Nate, in mocking Ted, is still hurt by thinking Ted abandoned him. Ted, in turn, manages to defuse the situation by, well, being Ted. He wishes Nate well but reveals that he’s still hurt by Nate’s actions. So he makes a joke about Nate’s insult being too simple, then comes up with a lot of other insults Nate could have used against Ted. He gets the press involved, making them co-conspirators in mocking him, but really as a way of undermining Nate’s hostility.

Nate, it should be said, doesn’t seem to learn his lesson and we see him slam his computer in frustration. But Rebecca, who had been urging Ted that he needs to “fight more,” this season is persuaded that community can be built through love, through caritas, through humor, not necessarily in opposition even to people who approach you with hostility. But how we tell the stories about ourselves, whether through self-deprecating jokes like Ted or pointed derision like Nate, shape what’s possible.

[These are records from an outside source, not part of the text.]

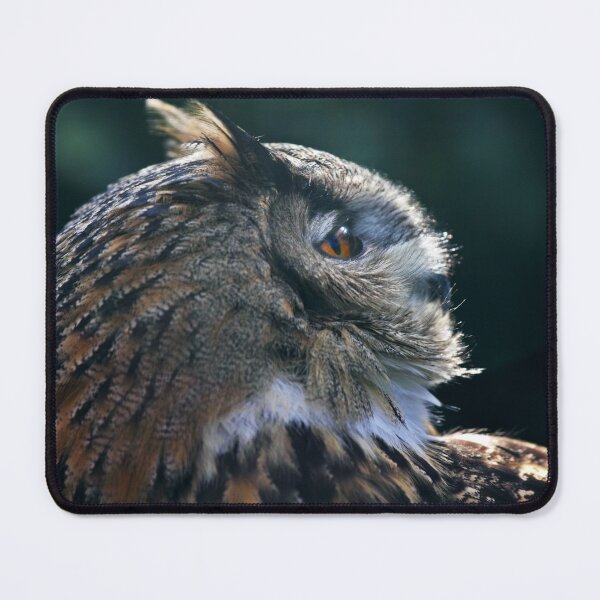 Item preview, Is this my best side? designed and sold by Krys Bailey.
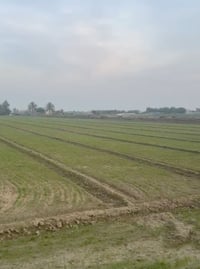 متوفر دونمين طابو زراعي سند ٢٥ يتوفر فيها ماء اسالة كهرباء وقريبة على ...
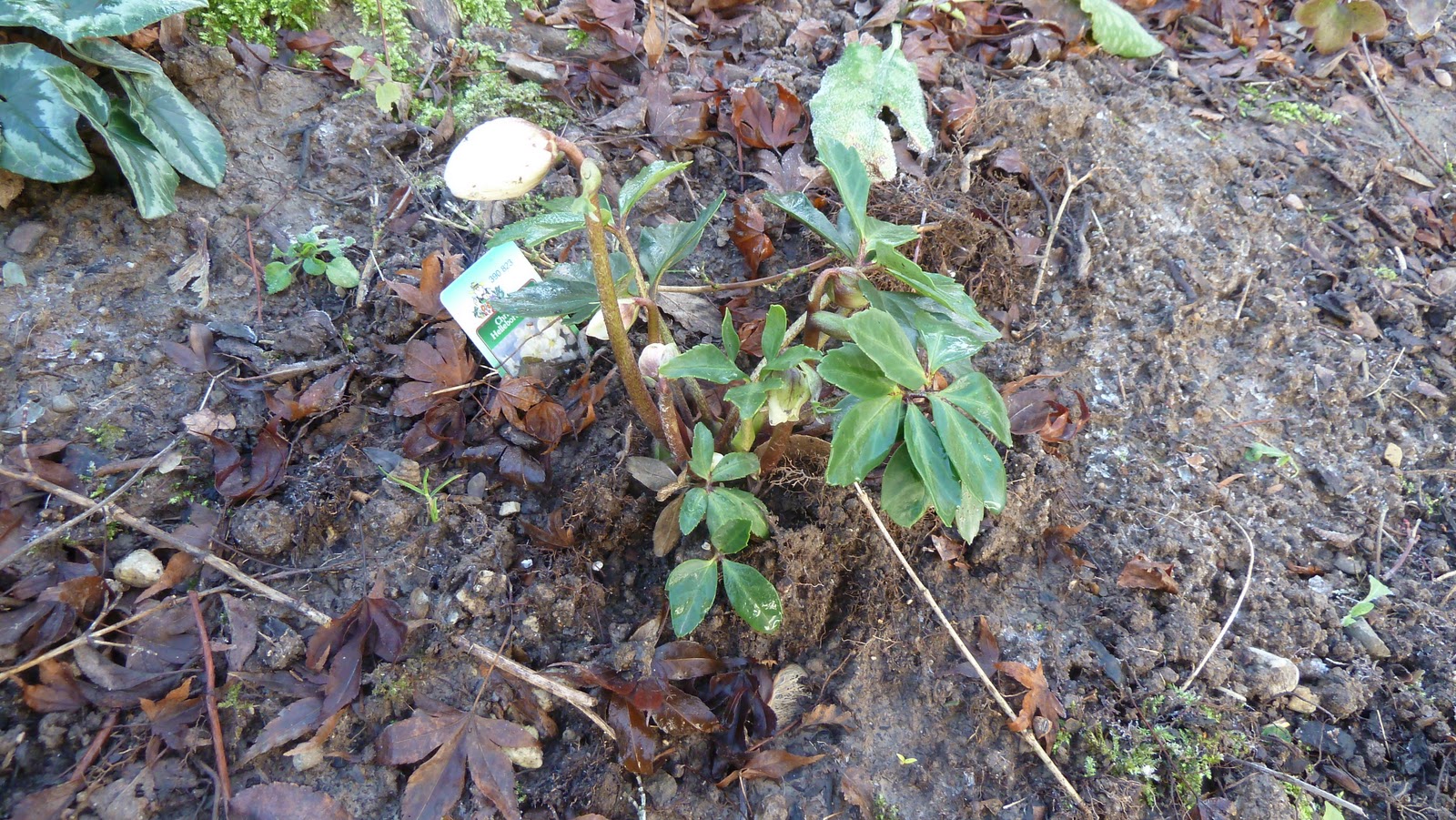 Zauber Garten Januar 12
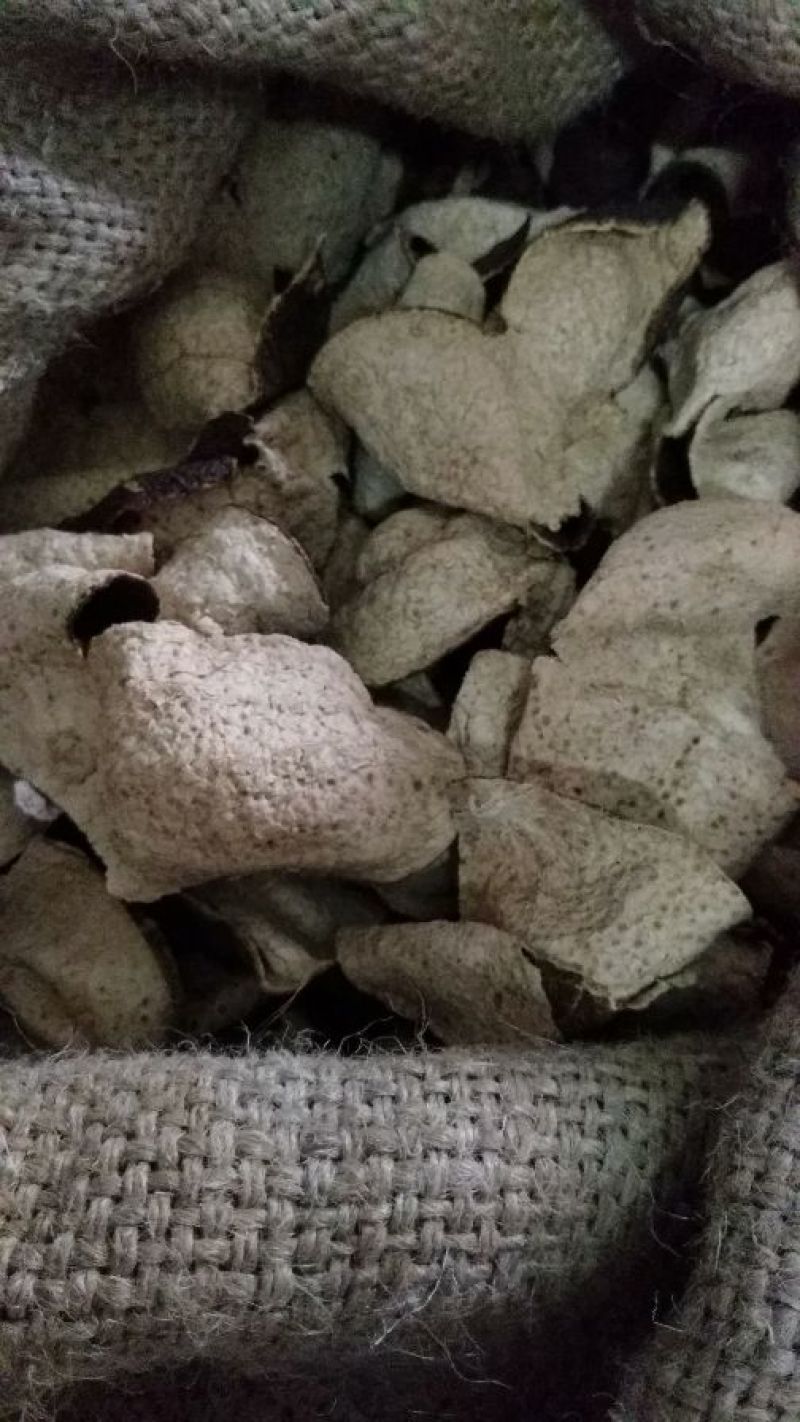 陈皮新会正宗老陈皮十年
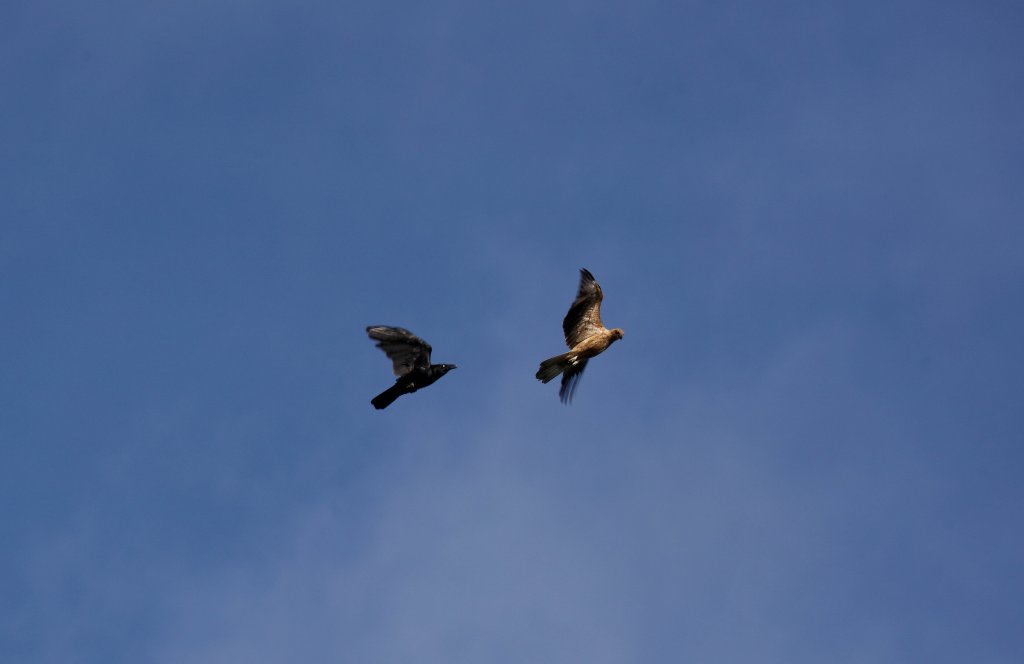 Torresian Crow harassing Whistling Kite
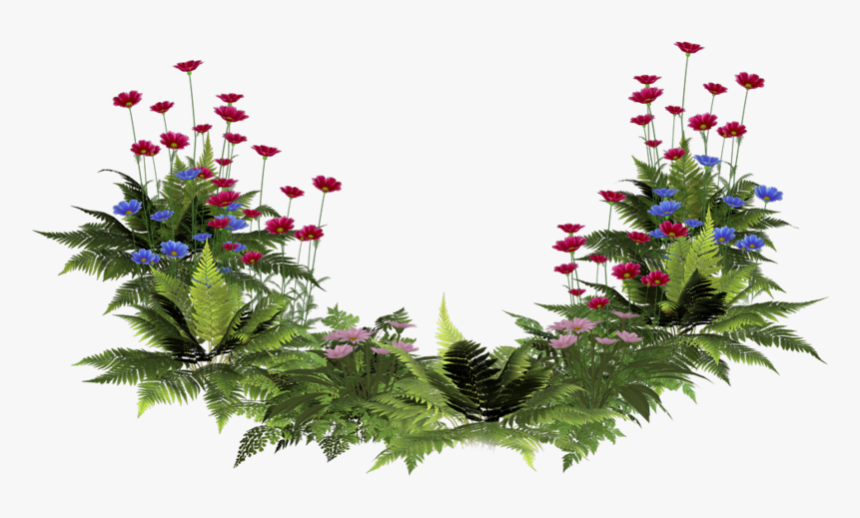 Png Plants With Flower, Transparent Png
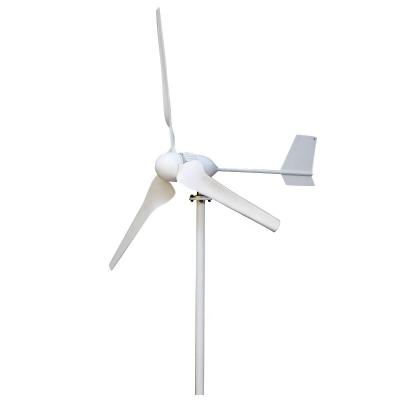 China Fiberglass Reinforced High Quality Compound Axis 1000w 24V 48V Horizontal Wind Generator for sale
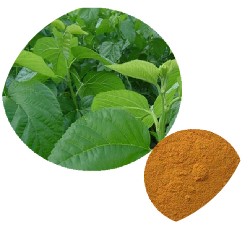 桑叶浓缩粉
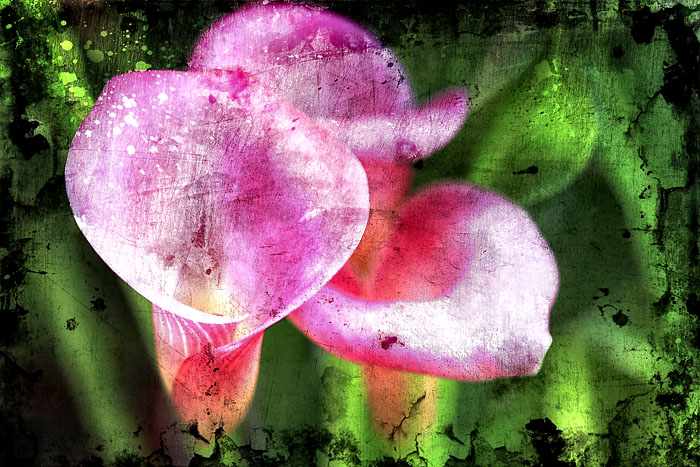 Pink Calla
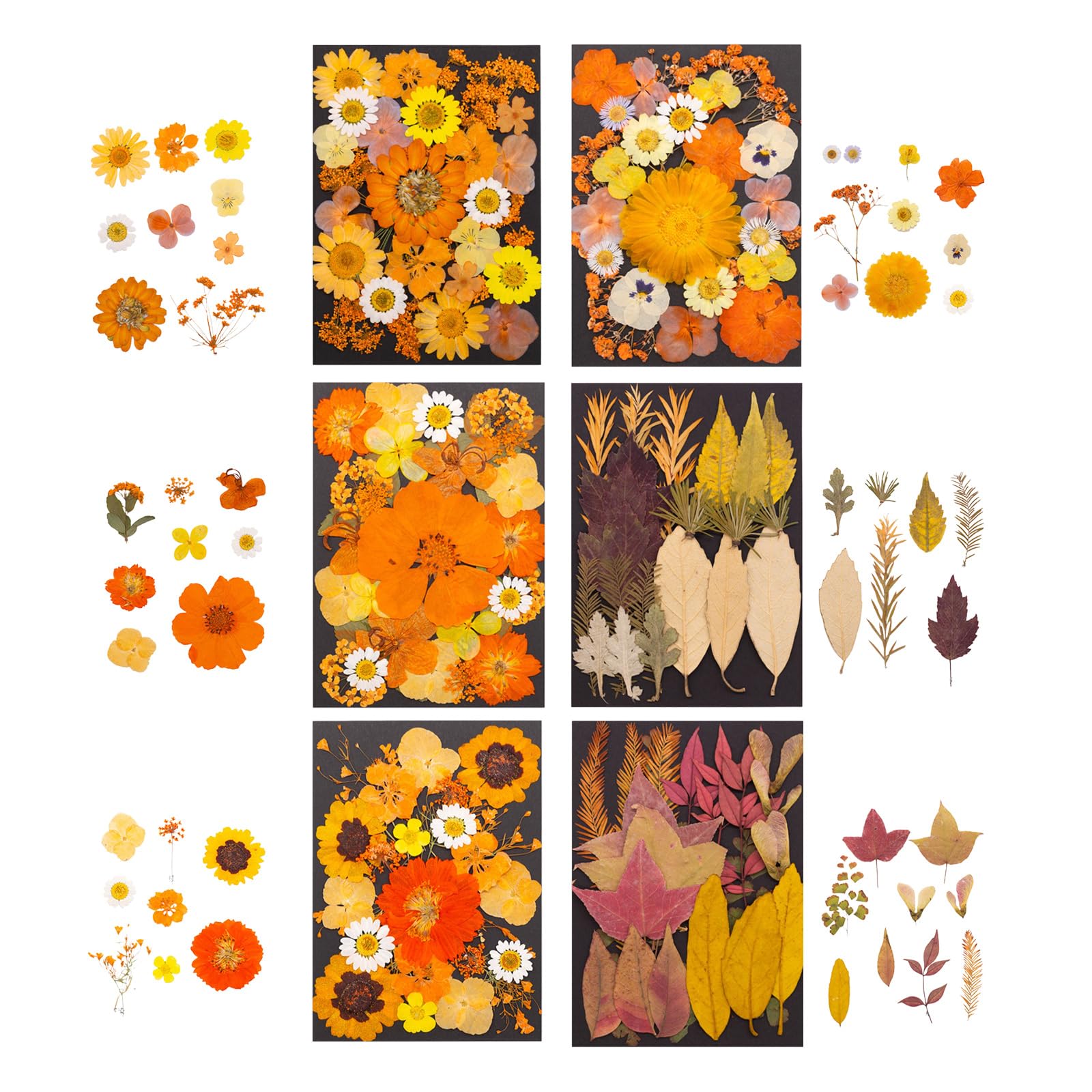 Tsophreniq Natural Dry Flower Leaves Set for Art Craft Scrapbooking Jewelry Making Pressed Dried for Epoxy Resin Pressed Supplies
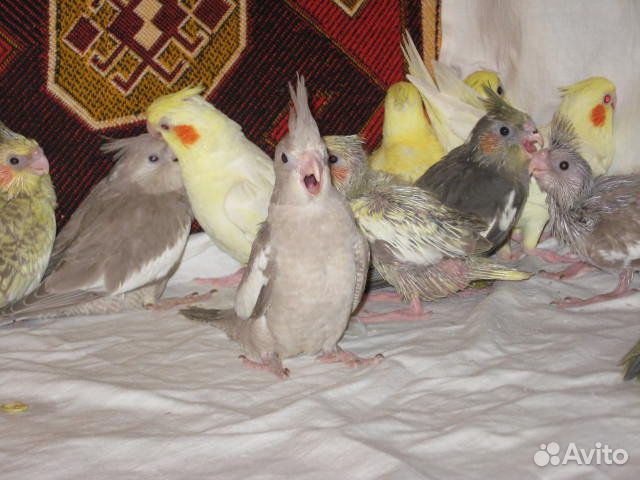 Продам корелл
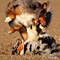 Twister und Cracker 2011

As historians, we like to tell our students when they’re confronted with a puzzle – with a problem of what something means – that it’s always best to return ad fontes (“to the sources”). We do this because the stories people tell about the past, whether it be about a nation or a romantic relationship, pile up over time. This is the core of what history is. Pushing away all those layers won’t necessarily get us to a particular truth about what something means, but it will help us understand why and how certain stories have been told about an event. History doesn’t rule our actions entirely, but it does shape at least in part how we got to where we are and why we think our choices are so constrained.

Season Three of “Ted Lasso” shows that there’s a specter haunting west London – the specter of the past. Ted is still tormented by his decision to come to London. Rebecca continues to be haunted by her relationship with Rupert. Keeley is bedeviled by her new job and relationship with Roy. And Nate cannot escape his past actions towards Ted at the end of last season.

As we watch along and root for AFC Richmond, we can only hope that Ted and everyone else also pauses to think about the past, understand why they are where they are, and realize they can use that past to find better possible worlds.